» PROBLEM REQUIREMENTS: Print exactly, and only, the lines from the one that has "WEラブ赤ちゃん子育て探検隊" through the end of the material below, with both ends included and the pictures omitted.

» STORED DATA:
_ _ _ _

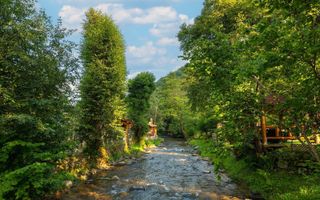 Cabana la Munte, ideală pentru vacanțe sau investiție! - Poză 4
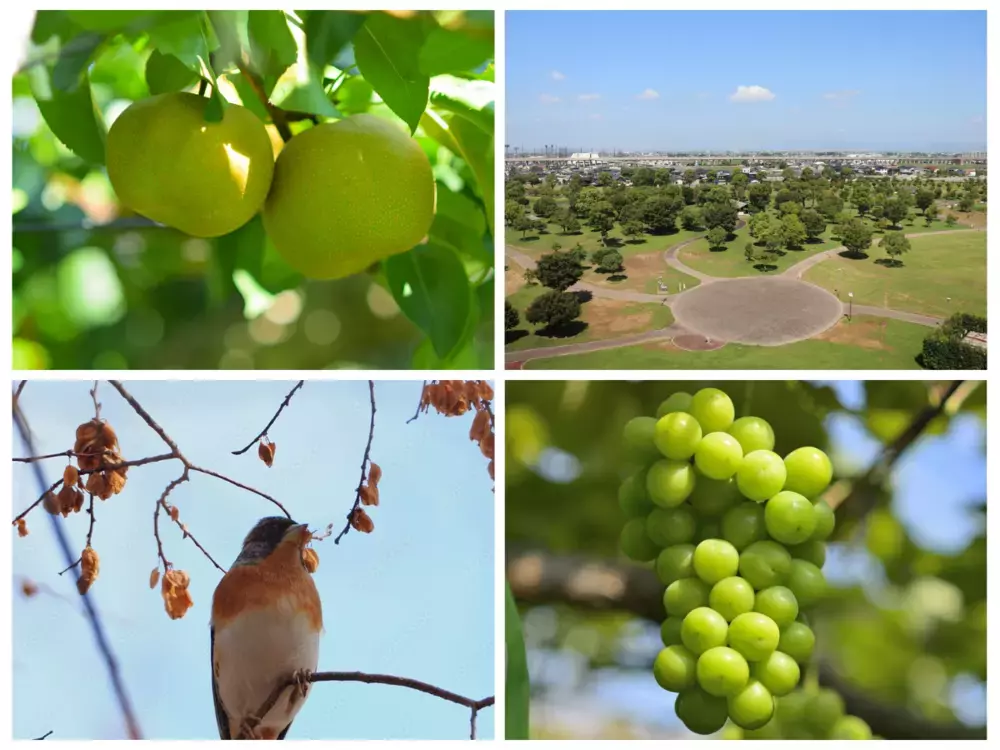 WEラブ赤ちゃん子育て探検隊【福岡県筑後市】「泣いてもよかよ！」ママ・パパに温かいまちの魅力を徹底研究！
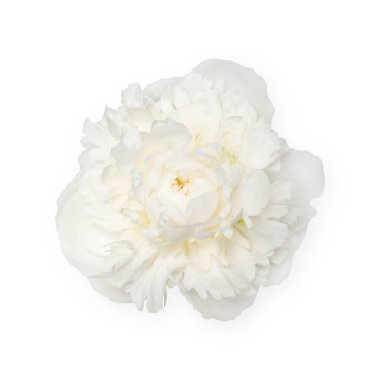 White peony flower isolated on white background. Close up
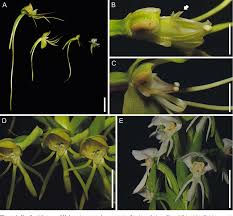 Image result for Habenaria epipactidea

_ _ _ _

» RESULT:
 WEラブ赤ちゃん子育て探検隊【福岡県筑後市】「泣いてもよかよ！」ママ・パパに温かいまちの魅力を徹底研究！
 White peony flower isolated on white background. Close up
 Image result for Habenaria epipactidea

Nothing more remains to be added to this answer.